The unique behavior of Thr-44 was recorded together with the SMR domain residues for the homology model (Table 4). Subsequent MD was performed and the pocket data measurements were now recorded for the SMR amino acid residues and the Thr-44 residue (Fig. 7a). For the wild type Nef SMR, five putative binding pockets were generated by the software MOLEGRO, of which only one was in proximity to the amino acid residues of the SMR as calculated by distance measurements taken from the calculated core of the pocket. The results which are displayed as a function of the measured distance from the putative pocket center, show that for the original homology model, Pro-69 and Val-66 are the closest to the center (8 Å) followed by Gly-67 (9 Å) and Thr-44 , Phe-68 and Val-70 , all at 12 Å.
Of the following MD snapshots taken at 10 ns, 30 ns and 50 ns, Val-66 is always closest to the center of the putative pockets on the 3D image generated for each time phase. The SMR motif amino acid residue Gly-67 is always second to Val66 at times 10, 30 and 50 ns. One of the other SMR residues, Phe-68 , (tied for fourth out of five in the ranking of distance from the center of the binding site at time t = 0 ns) is third in distance measured from the core of the pocket at t = 10 ns, but is beyond the cutoff point of 20 Å in both measure times of t = 30 ns and 50 ns respectively. Pro-69, which was closest to the core of the pocket at time t = 0 ns, is fourth out of five in the distance ranking at time t = 10 ns, further than 20 Å at t = 30 ns, and furthest away from the three qualifying aa for time t = 50 ns. On the other hand, Val-70 is furthest away from the core at time t = 0 ns and 10 ns, while its distance at times t = 30 ns and t = 50 ns is beyond the 20 Å cutoff point.
These results indicate the importance of Val-66 and Gly-67 in the SMR domain, as they were present in each of the four time points of MD sampling (time t = 0 ns, 10 ns, 30 ns, 50 ns). With the one exception of Gly-67 at t = 10 ns, these two SMR amino acid residues consistently ranked first and second in proximity to the core of the putative proximally located SMR pocket. Of the two, Val-66 would be considered the more important due to its consistent location closer to the center of the putative pocket in all time frames under examination. While Pro-69 ranked consistently lower compared with Phe-68, the fact that it appeared closer to the center of the pocket at time t = 50 ns (which represents a more stable thermodynamic structure than at time t = 30 ns), would give it a rank just ahead of Phe-68. Residue Val-70 would be the next in importance relative to its distance location from the putative binding pocket.
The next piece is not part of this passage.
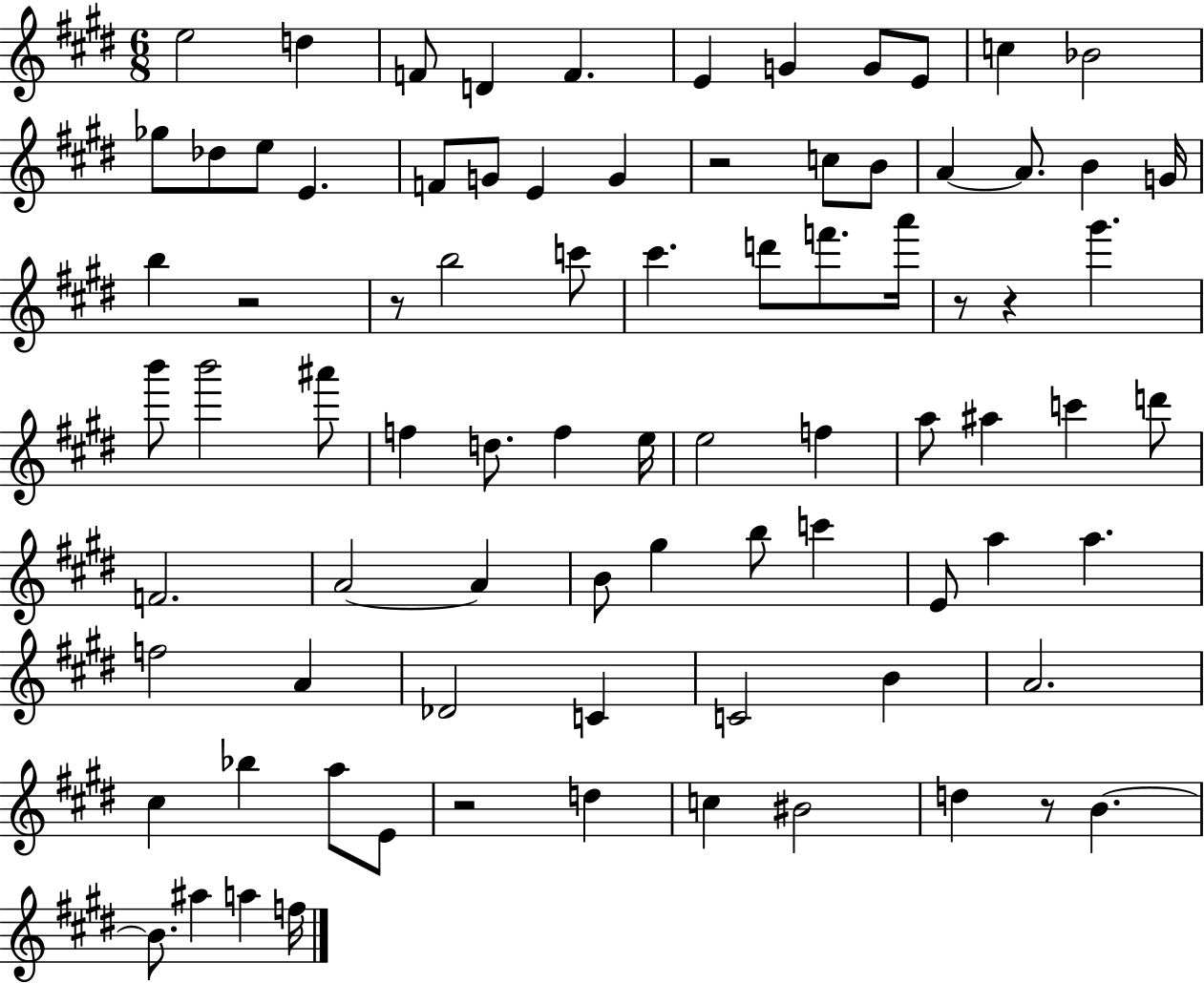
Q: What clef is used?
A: treble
Based on these data obtained from the binding pocket measurements, a listing of SMR residues from highest to lowest importance would thus be Val-66, Gly-67, Pro-69, Phe-68 and Val-70. As a result of its closer distance to the putative core at increasing thermodynamically-stable times of 30 ns and 50 ns, Thr-44 would rank ahead of Val-66 in importance.
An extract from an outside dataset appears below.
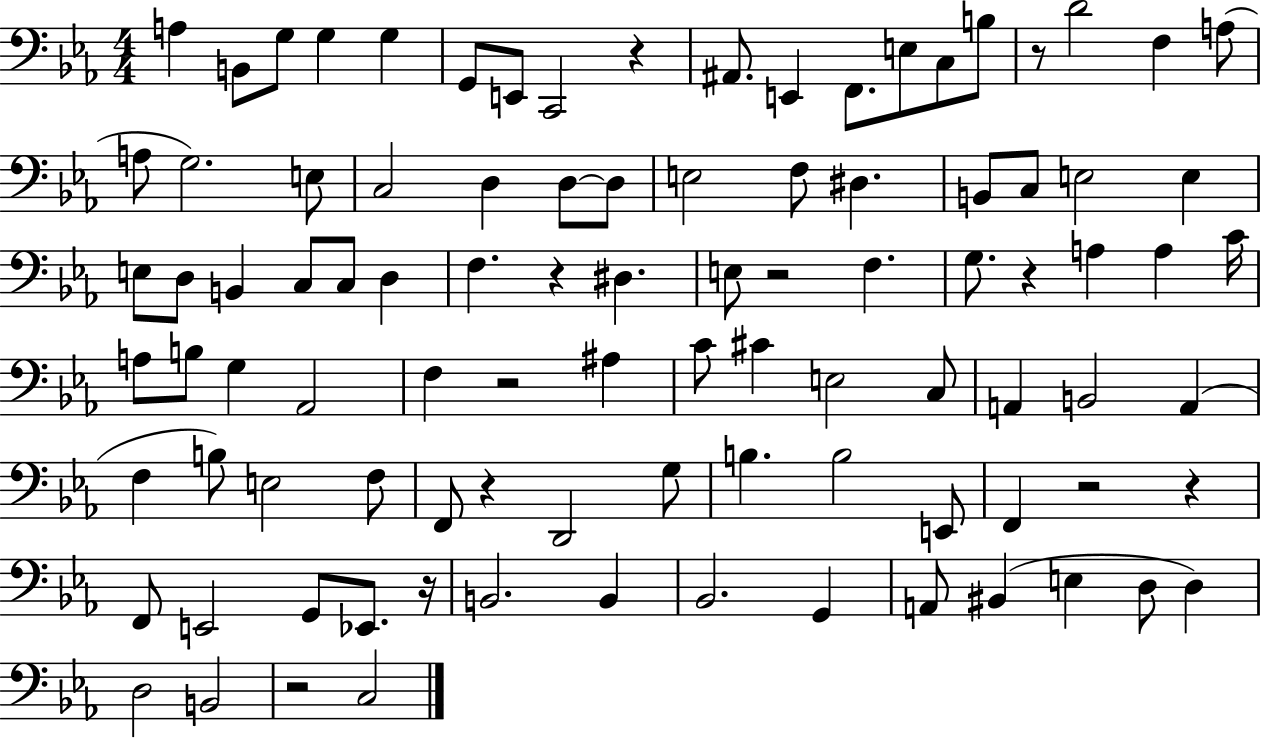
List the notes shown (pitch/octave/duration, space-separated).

A3/q B2/e G3/e G3/q G3/q G2/e E2/e C2/h R/q A#2/e. E2/q F2/e. E3/e C3/e B3/e R/e D4/h F3/q A3/e A3/e G3/h. E3/e C3/h D3/q D3/e D3/e E3/h F3/e D#3/q. B2/e C3/e E3/h E3/q E3/e D3/e B2/q C3/e C3/e D3/q F3/q. R/q D#3/q. E3/e R/h F3/q. G3/e. R/q A3/q A3/q C4/s A3/e B3/e G3/q Ab2/h F3/q R/h A#3/q C4/e C#4/q E3/h C3/e A2/q B2/h A2/q F3/q B3/e E3/h F3/e F2/e R/q D2/h G3/e B3/q. B3/h E2/e F2/q R/h R/q F2/e E2/h G2/e Eb2/e. R/s B2/h. B2/q Bb2/h. G2/q A2/e BIS2/q E3/q D3/e D3/q D3/h B2/h R/h C3/h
For the V66A mutant SMR, five putative pockets were also generated by MOLEGRO, of which only one was in a correct proximity for the amino acids of the SMR (Fig. 6b). The results displayed as a function of distance from the center of the putative pocket, show that for the initial homology model, Ala-66 is the second closest to the center (11 Å) after Trp-44 (6 Å). This is then followed by Val-70 and Gly-67 (12 Å), Pro-69 (13 Å) and Phe-68 (16 Å). The MD snapshots taken at the thermodynamically most favorable time of 30 ns indicate that the order of importance (high to low) for the amino acids of the SMR were Gly-67, Ala-66, with Phe-68 and Pro-69 tied for third. Val-70 was further than the 20 Å cutoff point at time t = 30 ns and did not record a score. It is important to note however, that Trp-44 was not only the closest to the pocket core after 30 ns of MD, but was present for all of the simulation check points of times t = 0, 10 and 30 ns. The ranking by importance therefore, of all the V66A mutant SMR amino acid residues (highest to lowest) would thus be Gly-67, Ala-66, Phe-68, Pro-69 and Val-70. Significantly, the Trp-44 residue outranked each of the SMR residues at all the recorded time intervals.
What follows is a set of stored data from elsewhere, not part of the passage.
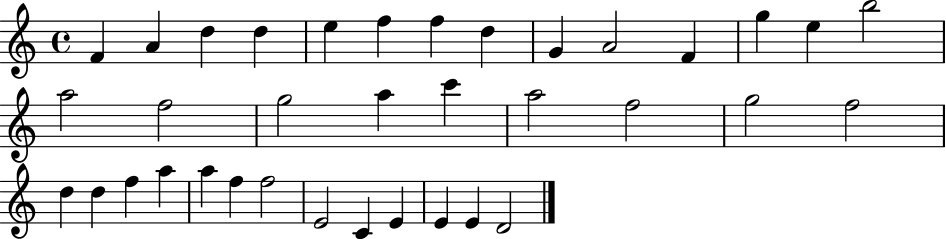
X:1
T:Untitled
M:4/4
L:1/4
K:C
F A d d e f f d G A2 F g e b2 a2 f2 g2 a c' a2 f2 g2 f2 d d f a a f f2 E2 C E E E D2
The 3D structures obtained after 50 ns of MD for both WT and mutant SMR motifs, proved to be accurate in predicting certain phenomena associated with the Nef protein. The structural components (Fig. 7a and b) indicated the favorable locations of the SMR motif for possible interactions with binding sites located on the surface of the protein. A more thermodynamically favorable structure was obtained after the MD simulations, as indicated from potential energy (PE) measurements, and increases in both helix number and selected distance measurements when compared to the original homology model, (t = 0 ns MD). The correctness of our hypothesis is justified by the conformational stability of the Nef during MD (Fig. 3a and c), and corroborated by Ramachandran plot analysis that placed the critical aa of the SMR into the expected regions of the plot. The RMSD indicated greater stability of the WT model over its mutant counterpart, while the distance measurements (Tables 2 and 3), solidified the WT amino acids Val-66 and Gly-67 as the two most important amino acid residues in the putative binding pocket containing the SMR motif.
Conclusions
The HIV-1 Nef protein has been shown to interact with host proteins in order to regulate several host cell functions. Our laboratory and others have shown that Nef is secreted from the human host cells, a process which is mediated by at least three motifs [16, 22, 36]. One of these motifs is the novel SMR, a five-amino acid domain that is absolutely required for Nef protein secretion [22]. The SMR domain was identified by using a series of Nef genetic mutations in functional assays that measure Nef secretion from bacteria and human cells.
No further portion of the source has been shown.